_Instructions to follow:_ An exact copy of all records is expected, minus the images.

_Material for the task:_
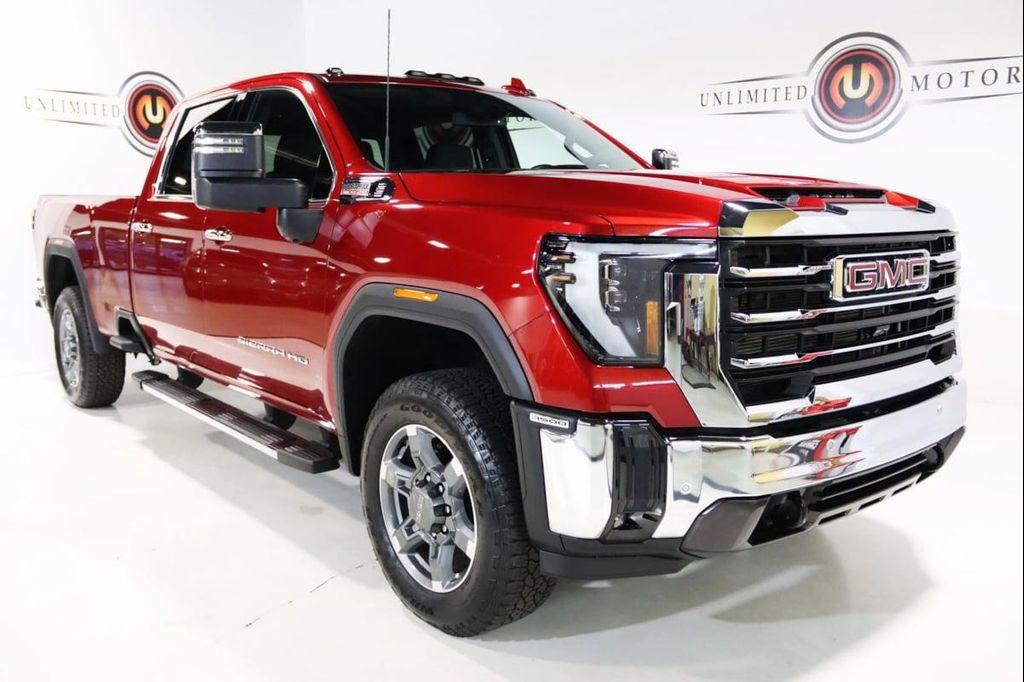 used 2025 GMC Sierra 3500 car, priced at $74,980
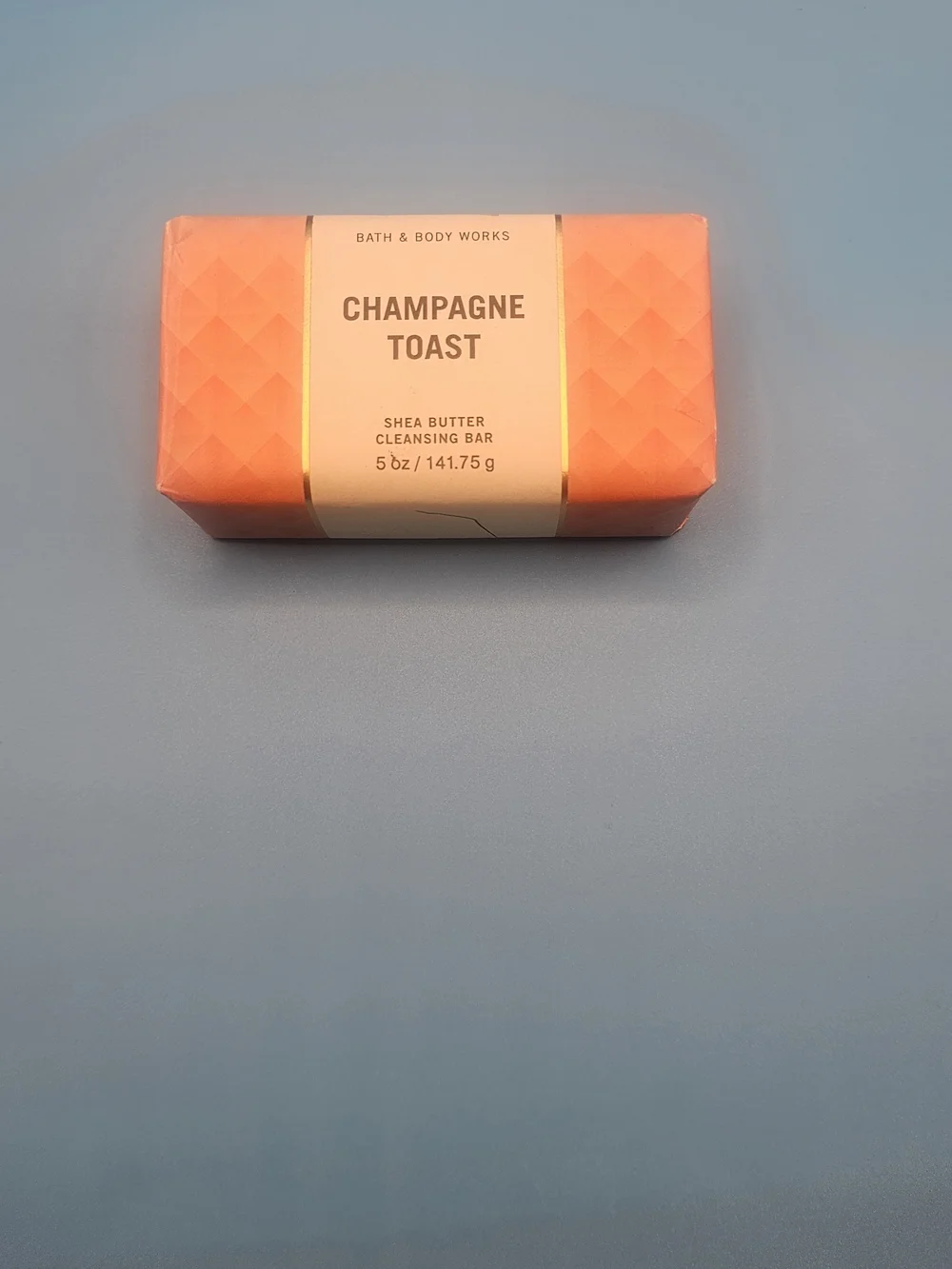 Bath & Body Works Champagne Toast Cleansing Bar - Coral Orange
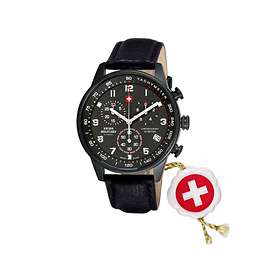 Swiss Alpine Militare Orologio Cronografo da Uomo Analogico Quarzo 7040.9156SAM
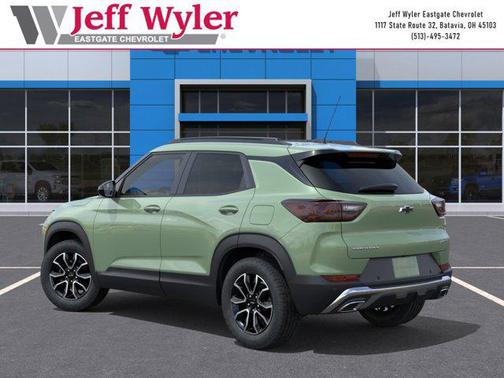 Cacti Green 2026 Chevrolet Trailblazer ACTIV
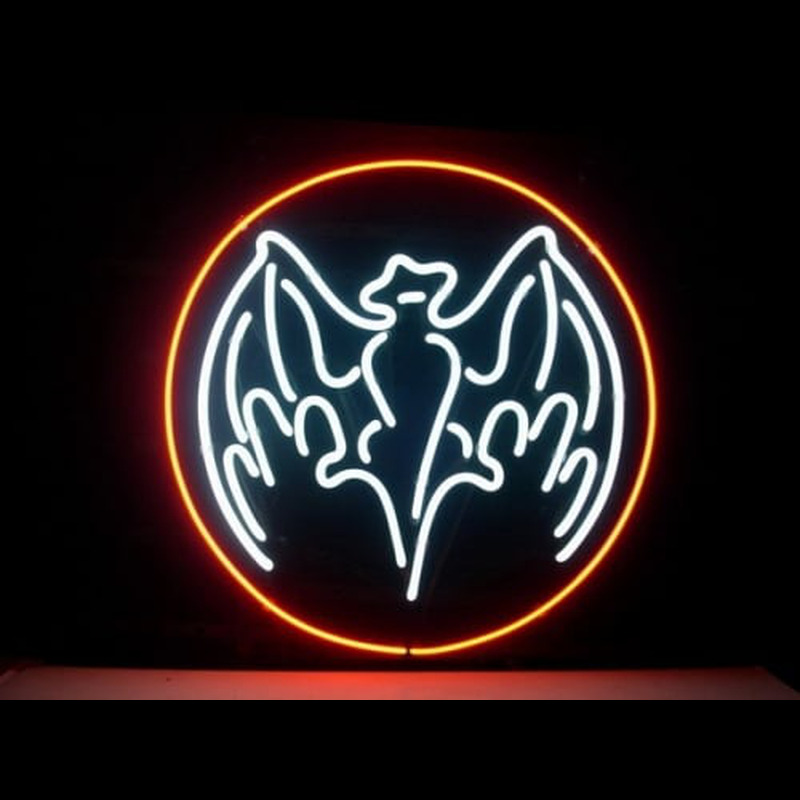 Bacardi Logo Neon Sign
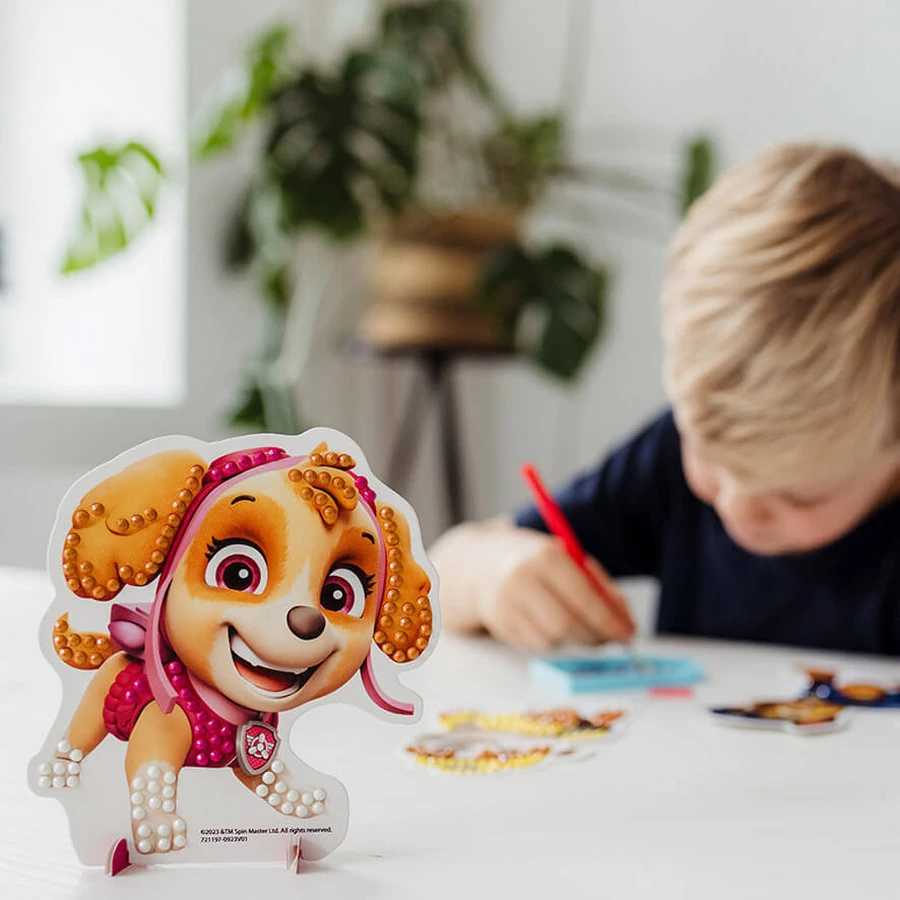 Kreatives Diamant-Malset Paw Patrol, Puppy Patrol, Totum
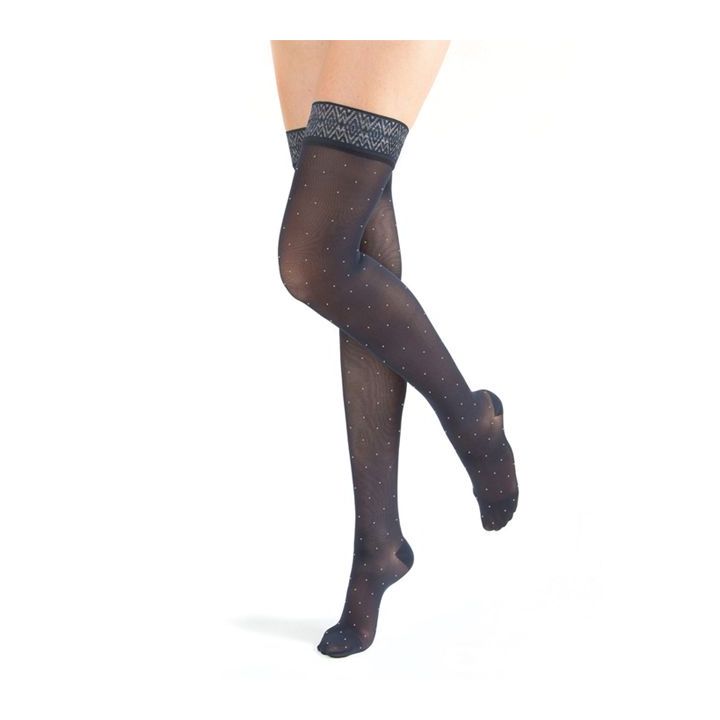 Bas de contention Varisan Plumetis femme - classe 2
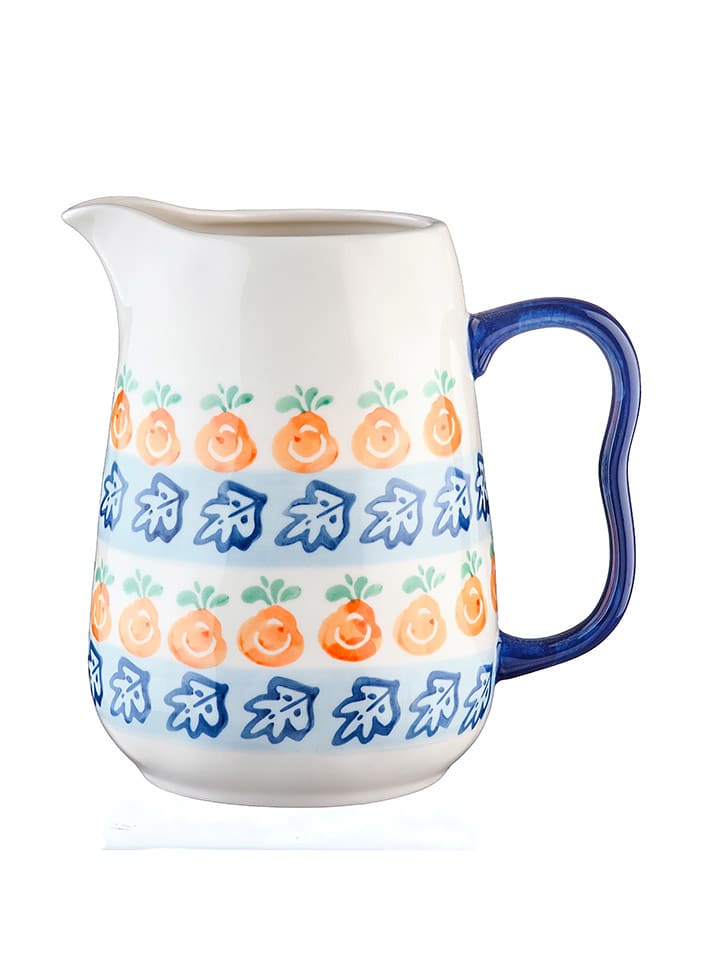 Björn Karafka "Napoli" w kolorze biało-niebiesko-pomarańczowym - 1,7 l rozmiar: onesize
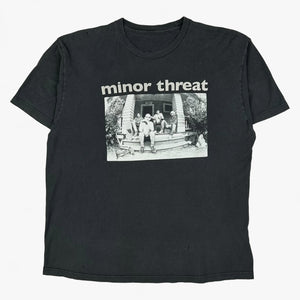 00S MINOR THREAT T-SHIRT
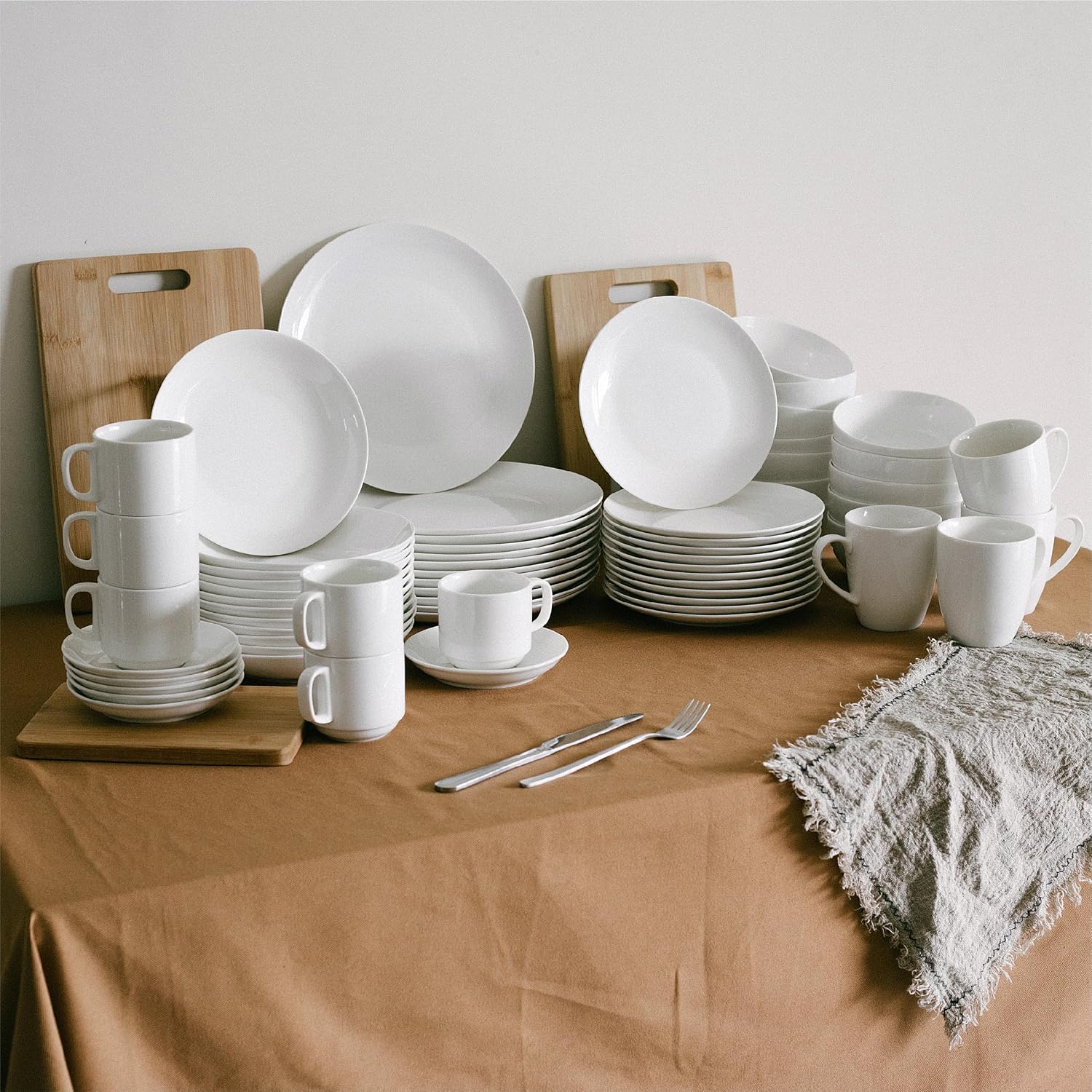 BTaT- White Soup Bowls Set of 12  16 Ounces  Porcelain Dishes for Soup  Rice  Salad  Noodle  Microwave  Oven  Freezer & Dishwasher Safe  Deep White Cereal Bowls for Kitchen  Christmas Gifts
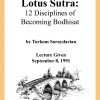 DVD #088 - Lotus Sutra (Twelve Disciplines for Becoming Bodhisat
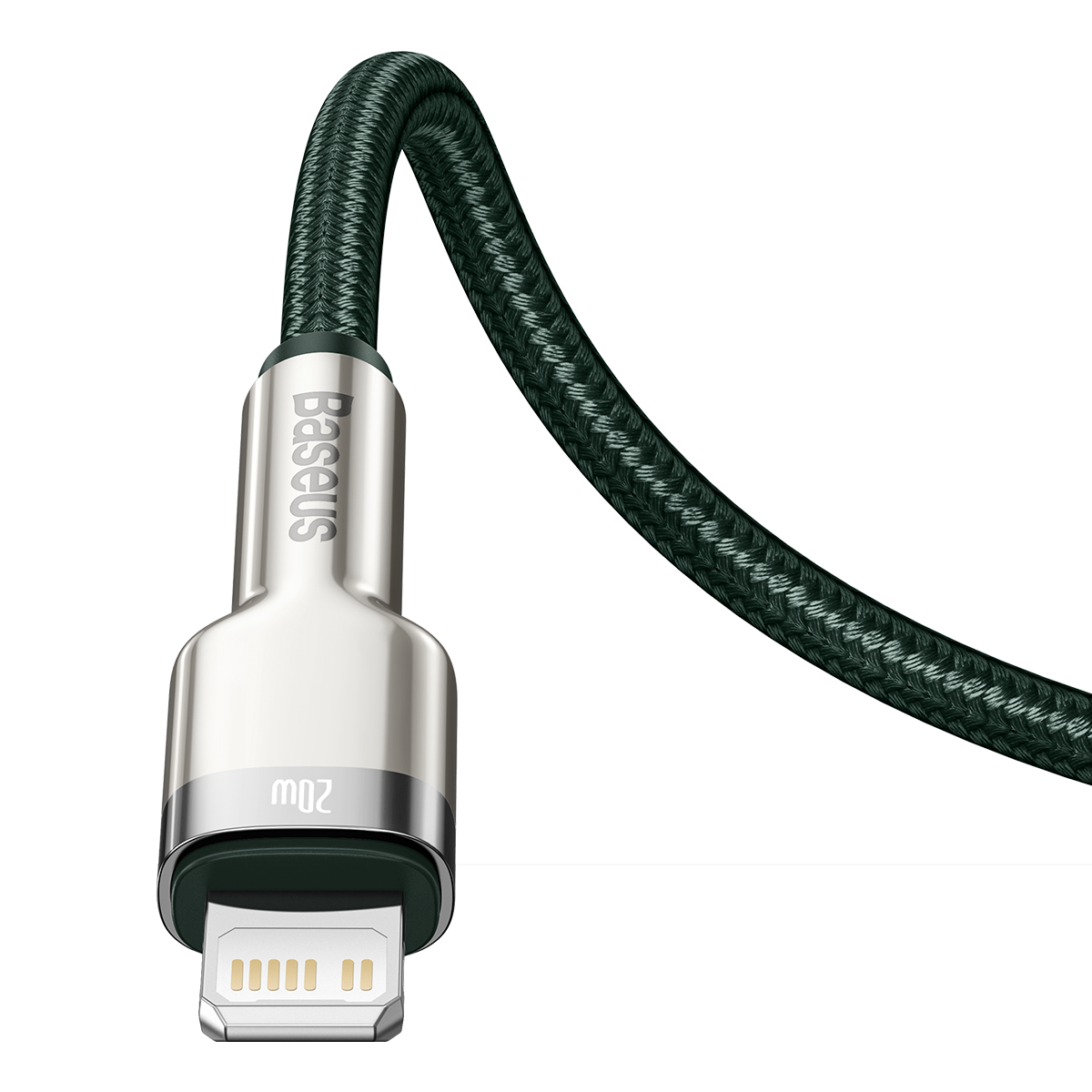 Baseus USB-C cable for Lightning 2m (green) - Product Image 3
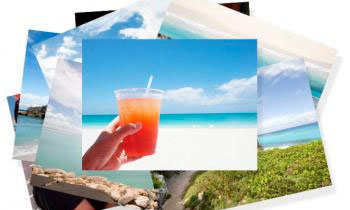 The Photobox fits 50 prints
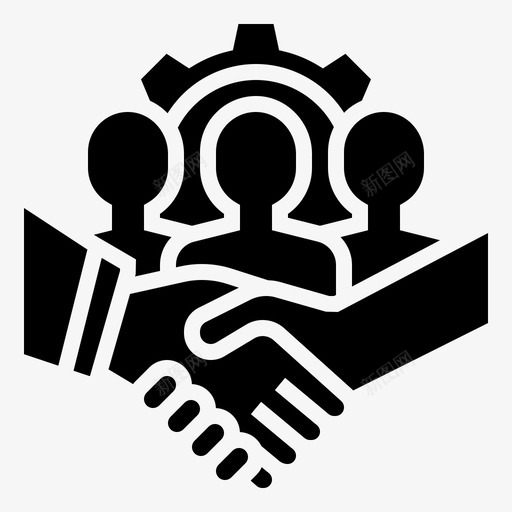 加入我们合作公司图标svg_新图网 https://ixintu.com 公司 加入我们 合作 团队 面试字形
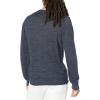 imageVince Mens Regular Linen Melange Long Sleeve CrewHeather Coastal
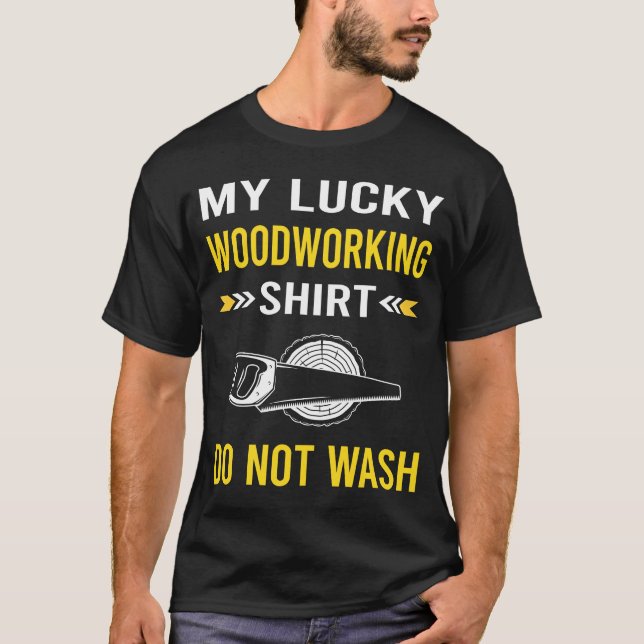 Lucky Shirt Woodworking Woodworker (Vorderseite)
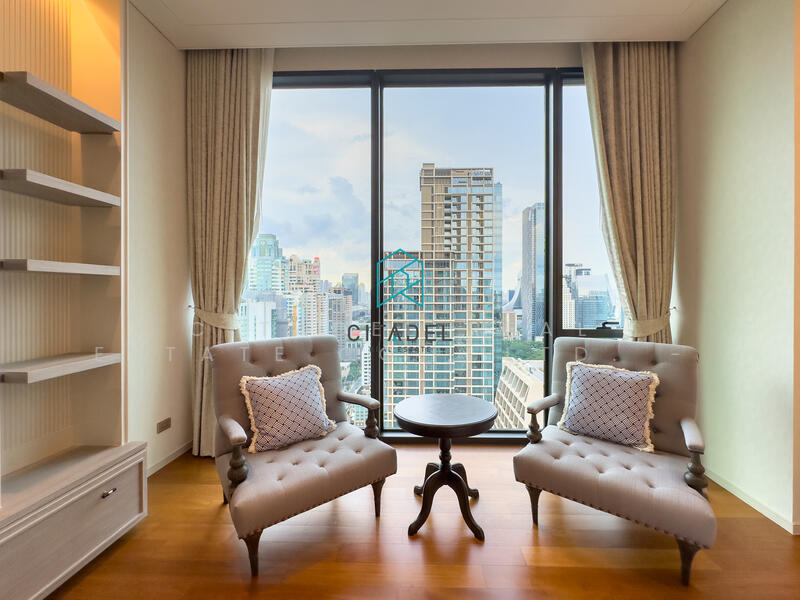 The Residences at Sindhorn Kempinski : เดอะ เรสซิเดนซ์ แอท สินธร เคมปินสกี้, กรุงเทพ, 88 ซอยต้นสน ถนน สารสิน, ลุมพินี, ปทุมวัน, กรุงเทพ, 357 ตร.ม., คอนโด ให้เช่า, โดย Citadel Real Estate Co., Ltd. -, 11519171 - DDproperty.com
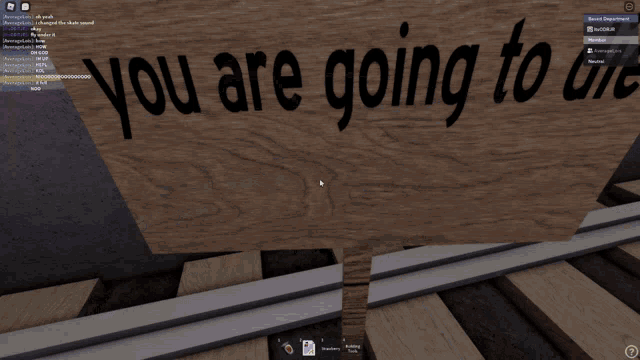 a person in a video game with a purple crown on top of their head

_Solution for this task:_
 used 2025 GMC Sierra 3500 car, priced at $74,980
 Bath & Body Works Champagne Toast Cleansing Bar - Coral Orange
 Swiss Alpine Militare Orologio Cronografo da Uomo Analogico Quarzo 7040.9156SAM
 Cacti Green 2026 Chevrolet Trailblazer ACTIV
 Bacardi Logo Neon Sign
 Kreatives Diamant-Malset Paw Patrol, Puppy Patrol, Totum
 Bas de contention Varisan Plumetis femme - classe 2
 Björn Karafka "Napoli" w kolorze biało-niebiesko-pomarańczowym - 1,7 l rozmiar: onesize
 00S MINOR THREAT T-SHIRT
 BTaT- White Soup Bowls Set of 12  16 Ounces  Porcelain Dishes for Soup  Rice  Salad  Noodle  Microwave  Oven  Freezer & Dishwasher Safe  Deep White Cereal Bowls for Kitchen  Christmas Gifts
 DVD #088 - Lotus Sutra (Twelve Disciplines for Becoming Bodhisat
 Baseus USB-C cable for Lightning 2m (green) - Product Image 3
 The Photobox fits 50 prints
 加入我们合作公司图标svg_新图网 https://ixintu.com 公司 加入我们 合作 团队 面试字形
 imageVince Mens Regular Linen Melange Long Sleeve CrewHeather Coastal
 Lucky Shirt Woodworking Woodworker (Vorderseite)
 The Residences at Sindhorn Kempinski : เดอะ เรสซิเดนซ์ แอท สินธร เคมปินสกี้, กรุงเทพ, 88 ซอยต้นสน ถนน สารสิน, ลุมพินี, ปทุมวัน, กรุงเทพ, 357 ตร.ม., คอนโด ให้เช่า, โดย Citadel Real Estate Co., Ltd. -, 11519171 - DDproperty.com
 a person in a video game with a purple crown on top of their head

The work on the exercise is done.